Not everyone is holding back on the shift to Vista, of course. A number of InfoWorld readers expressed satisfaction. For example, an independent developer in the UK, who did not want to be seen as a "fan boy" and thus declined to be identified, told InfoWorld he prefers Vista to XP and views the UI changes and incompatibilities as minor issues. "Vista is what Microsoft wanted XP to look like; when they couldn't achieve Vista's look they settled for the horrible design it has. Yes, Vista uses more resources than XP, but it runs absolutely everything 20% faster for me than XP ever did. Yes, drivers are a problem at the moment for older hardware that is capable of running Vista, but then the same was true for XP," he said. "Program compatibility has caused one or two problems recently, but nowhere near as many with XP when I first got it."
Other readers suggested that those who wanted to stick with XP were doing so because they simply didn't want to invest in new hardware. All OS conversions cost time and money and change is just part of the technology landscape.
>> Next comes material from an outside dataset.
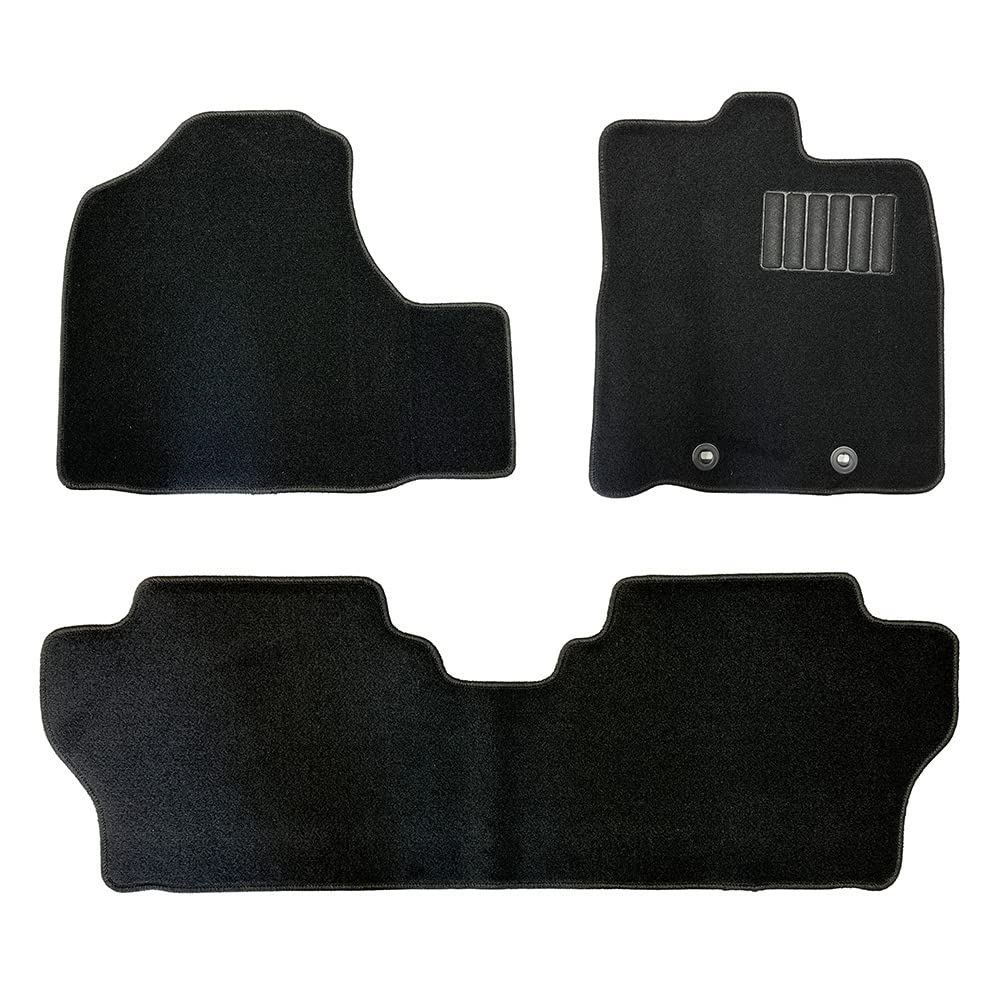 Amazon | トヨタ ルーミー フロアマット 「ブラック」 １台分 エコノミ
For IT, the cost of such change — directly and indirectly — is the key issue in deciding when, or even if, to shift from XP. Microsoft told the Wall Street Journal that resistance to adoption is "business as usual" in a new OS's first year, but eventually there'll be no need for a petition effort like InfoWorld's to keep an older OS available.
The question is what "eventually" means and what Windows 7, now rumoured to be arriving next year, may offer instead. Meanwhile, if massive response from InfoWorld readers is any indication, few businesses are putting an upgrade from XP to Vista at the top of their to-do lists.